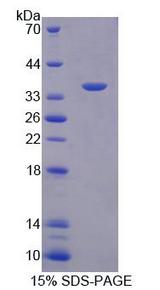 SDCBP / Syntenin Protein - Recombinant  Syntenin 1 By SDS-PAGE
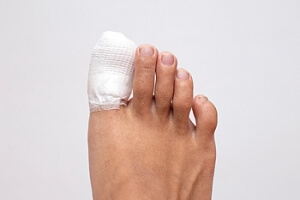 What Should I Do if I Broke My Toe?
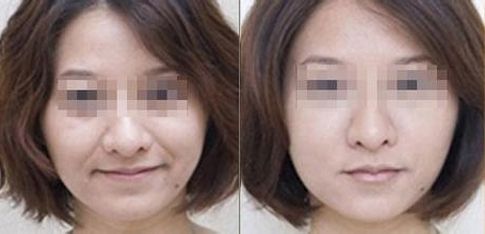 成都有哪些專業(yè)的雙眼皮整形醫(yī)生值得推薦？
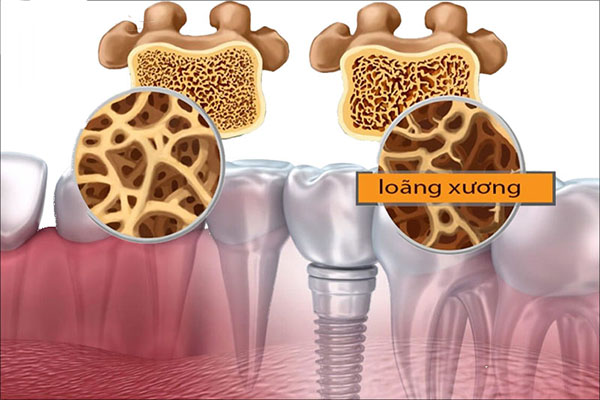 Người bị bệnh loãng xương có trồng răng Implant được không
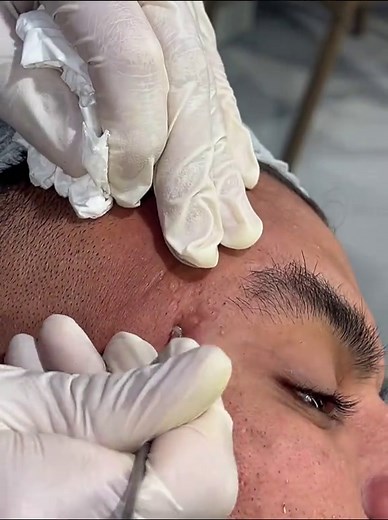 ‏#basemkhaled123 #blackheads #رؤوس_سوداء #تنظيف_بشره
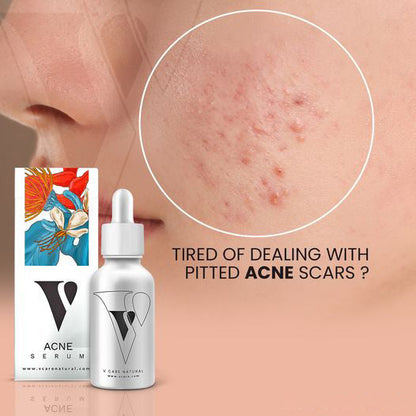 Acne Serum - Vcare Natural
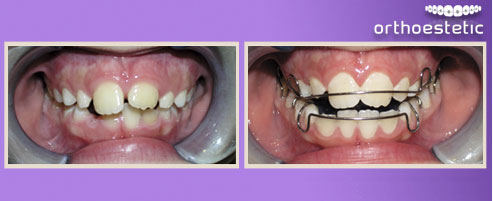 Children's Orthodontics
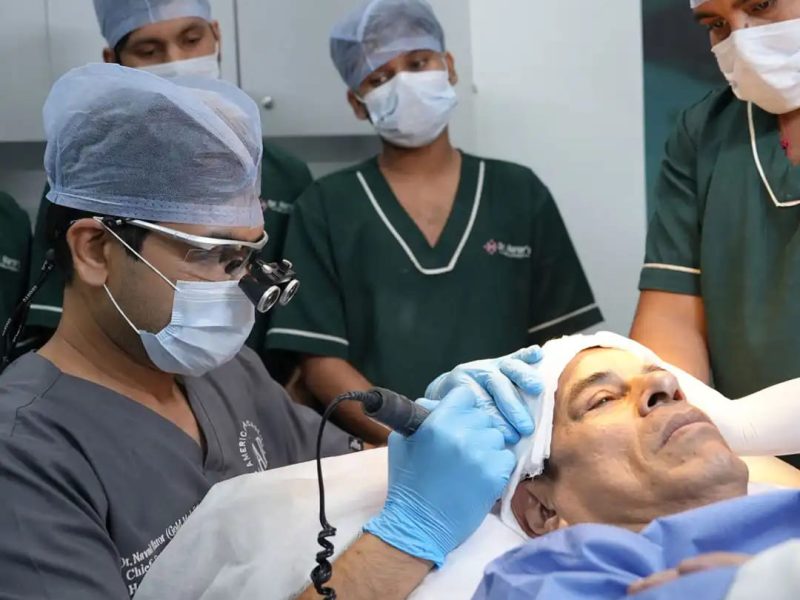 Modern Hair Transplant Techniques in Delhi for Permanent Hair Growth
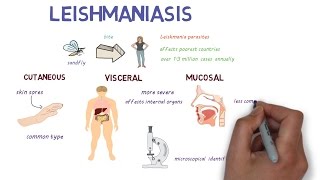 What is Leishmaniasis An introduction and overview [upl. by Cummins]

——————

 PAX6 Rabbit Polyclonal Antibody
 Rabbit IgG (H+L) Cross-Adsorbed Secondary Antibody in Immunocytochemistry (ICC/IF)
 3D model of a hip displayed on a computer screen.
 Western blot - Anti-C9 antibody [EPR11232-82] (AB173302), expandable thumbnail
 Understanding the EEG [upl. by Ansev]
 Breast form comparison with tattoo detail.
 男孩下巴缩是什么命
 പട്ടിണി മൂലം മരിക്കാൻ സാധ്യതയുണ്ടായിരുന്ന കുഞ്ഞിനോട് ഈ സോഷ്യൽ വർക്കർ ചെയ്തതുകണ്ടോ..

——————

● Work request
In the records above, everything from the line with "Người bị bệnh" down to the line with "What is Leishmaniasis" must be duplicated exactly, both lines kept. Leave no pictures in.

● Answer for the task
 Người bị bệnh loãng xương có trồng răng Implant được không
 ‏#basemkhaled123 #blackheads #رؤوس_سوداء #تنظيف_بشره
 Acne Serum - Vcare Natural
 Children's Orthodontics
 Modern Hair Transplant Techniques in Delhi for Permanent Hair Growth
 What is Leishmaniasis An introduction and overview [upl. by Cummins]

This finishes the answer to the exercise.